* **What you need to do**: Output all entries precisely and leave out the pictures.

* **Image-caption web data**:
------------------------------------------------------------------------

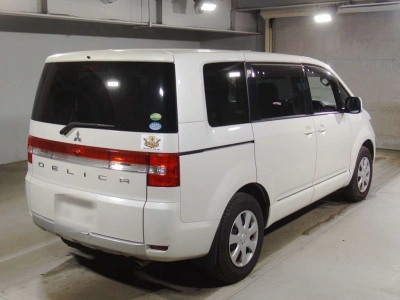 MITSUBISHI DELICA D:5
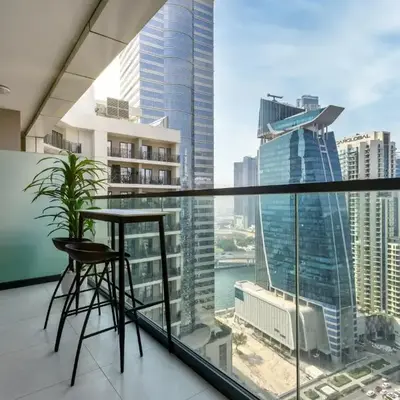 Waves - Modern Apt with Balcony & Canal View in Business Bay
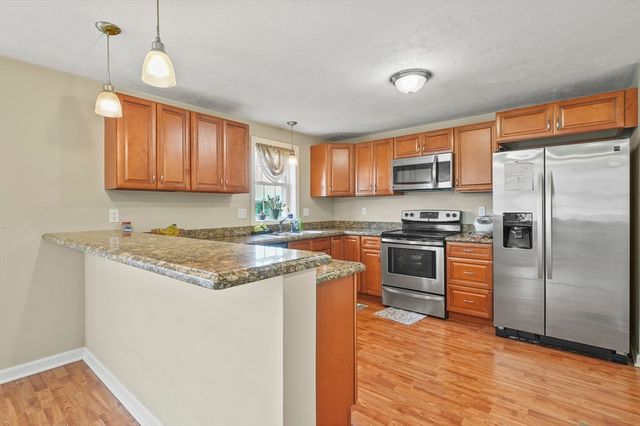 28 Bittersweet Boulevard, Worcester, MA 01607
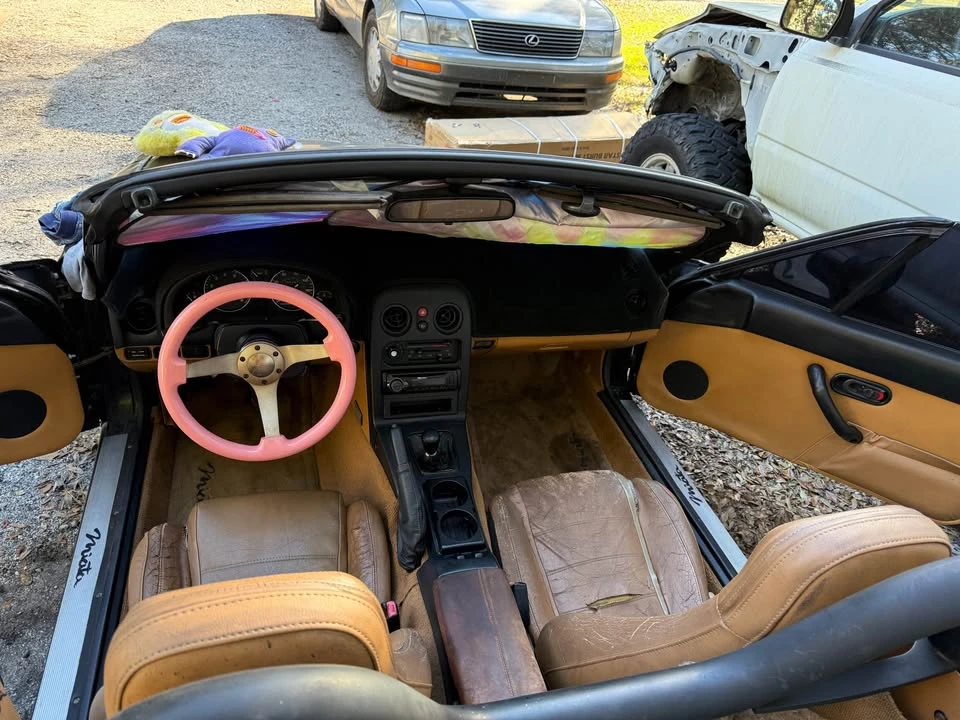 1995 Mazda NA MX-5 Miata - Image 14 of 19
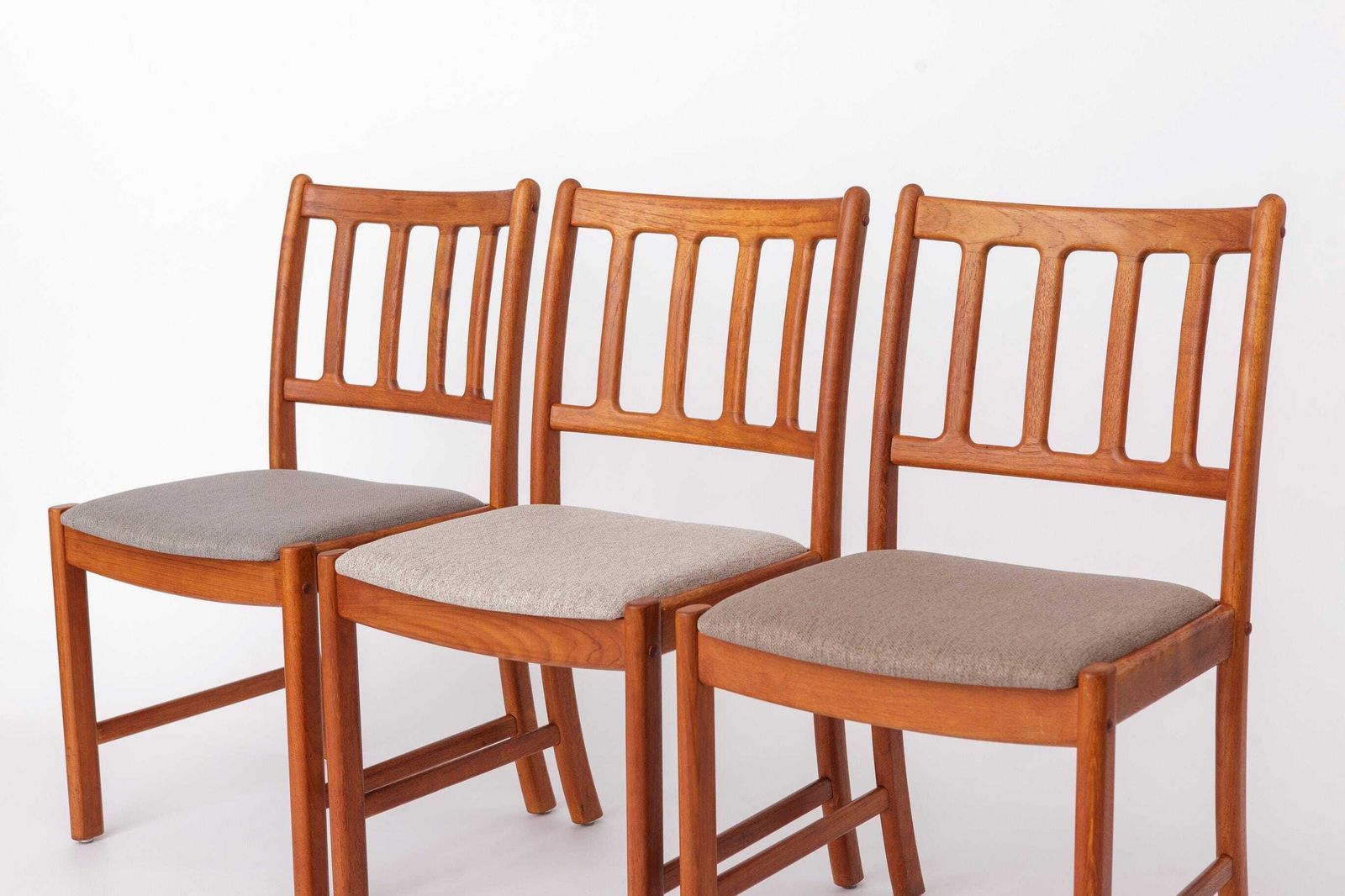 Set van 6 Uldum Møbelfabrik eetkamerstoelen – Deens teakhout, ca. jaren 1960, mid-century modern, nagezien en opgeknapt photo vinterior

------------------------------------------------------------------------

* **The answer**:
 MITSUBISHI DELICA D:5
 Waves - Modern Apt with Balcony & Canal View in Business Bay
 28 Bittersweet Boulevard, Worcester, MA 01607
 1995 Mazda NA MX-5 Miata - Image 14 of 19
 Set van 6 Uldum Møbelfabrik eetkamerstoelen – Deens teakhout, ca. jaren 1960, mid-century modern, nagezien en opgeknapt photo vinterior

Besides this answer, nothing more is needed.